Adam Crown Group Product Marketing Manager for Healthcare Solutions, Okta

Health IT teams need to understand which of the applications connecting to the IAM platform will be needed for SSO.

“There is a difference in time to connect on-premises applications versus cloud applications. Cloud applications support modern authentication standards and can be integrated in minutes with predefined connectors into the IAM platform,” says Crown. “On-premises apps, on the other hand, might be placed behind a secure web gateway or require a reverse proxy to communicate a specific token. That may involve pulling in the vendor to determine the best step to integrate into the IAM platform. Moreover, it helps prioritize what is day-one critical versus able to be integrated in a later phase.”

He also recommends determining which applications require provisioning and what those underlying applications support.

“Automated provisioning is a key benefit of a central IAM platform,” says Crown. “Modern applications support modern provisioning standards like SCIM 2.0. Connecting into them is a simple configuration.”

Older applications might not support modern provisioning standards. However, many organizations already have defined point-to-point integrations with existing Identity Governance and Administration (IGA) platforms like SailPoint or Saviynt into these legacy applications, he says. IAM platforms can connect into these IGA solutions, which serve as a bridge to harder-to-reach applications.

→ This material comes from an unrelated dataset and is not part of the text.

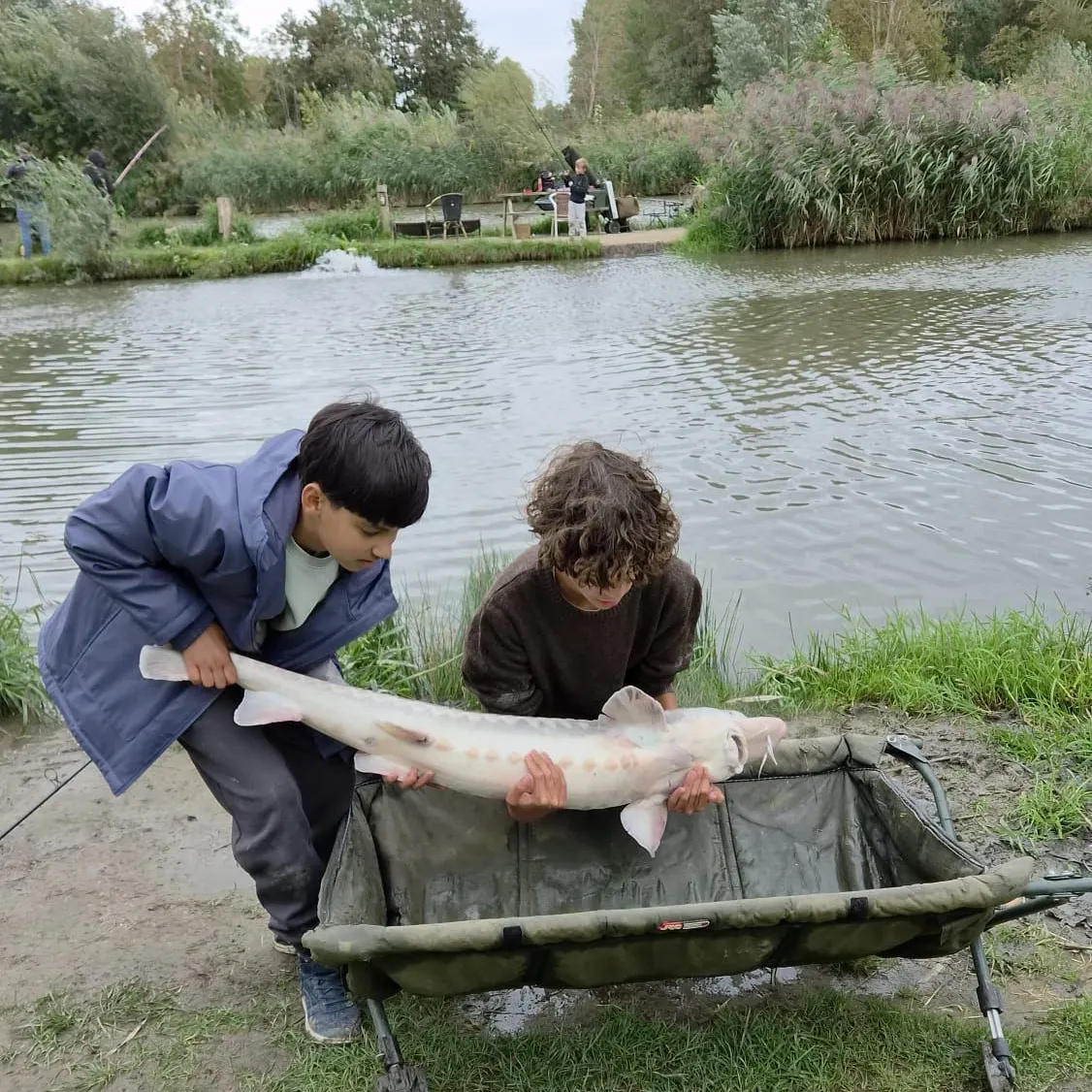 Russian sturgeon caught on Fishbrain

RELATED: Discover best practices for clinical communication and collaboration device management.

“Approach this initiative with the highest value first for a subset of users, then expand into additional use cases. The ‘crawl’ phase of the project usually consists of connecting all your systems of record into the IAM platform, integrating into the highest value applications for your target users, and securing those apps through configurable policy with risk-based authentication and MFA,” says Crown.

The next phase is automating provisioning as well as onboarding and offboarding. By leveraging prebuilt provisioning connections with third-party apps such Office 365, Crown says administrators can automatically turn on access the moment a user joins the organization, update access when the user moves to another role or shut off access the moment the user leaves.

This may be followed by integrating IAM access logs into a security information and event management partner, providing detailed access logs to a central reporting database and layering in zero trust.